Action item:
If a record holds a picture, leave the picture out; return everything else exactly.

Dataset entries:
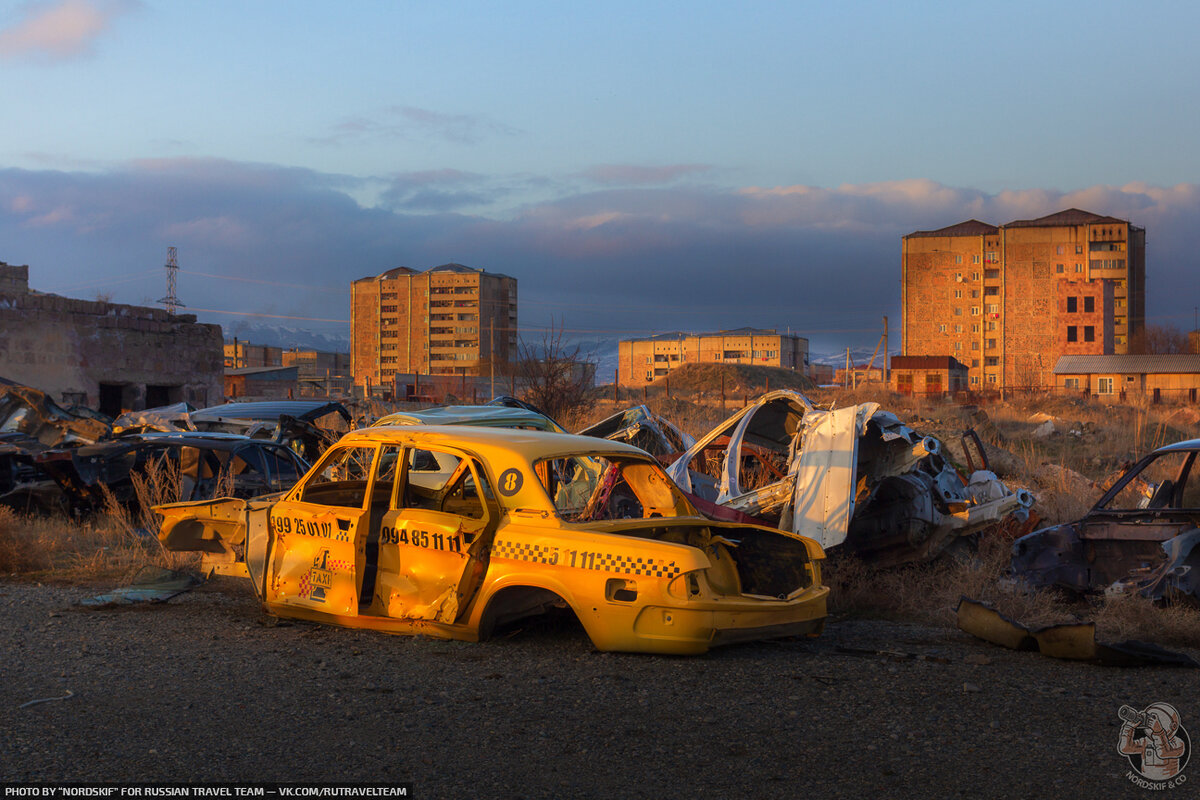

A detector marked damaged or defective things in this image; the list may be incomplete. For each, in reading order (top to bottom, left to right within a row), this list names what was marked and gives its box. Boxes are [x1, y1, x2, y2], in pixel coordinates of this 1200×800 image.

wrecked yellow taxi [155, 428, 828, 652]
torn metal panel [580, 406, 692, 462]
torn metal panel [664, 390, 1032, 564]
torn metal panel [1012, 438, 1200, 600]
torn metal panel [956, 592, 1200, 668]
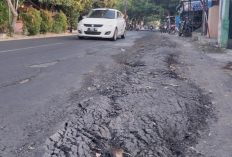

Answer section:
A detector marked damaged or defective things in this image; the list may be incomplete. For each, in reading order (top to bottom, left to right within a row), this list names what was marked and gives its box. Boxes are [x1, y1, x2, y2], in pixel coordinates of this 1200×800 image.

wrecked yellow taxi [155, 428, 828, 652]
torn metal panel [580, 406, 692, 462]
torn metal panel [664, 390, 1032, 564]
torn metal panel [1012, 438, 1200, 600]
torn metal panel [956, 592, 1200, 668]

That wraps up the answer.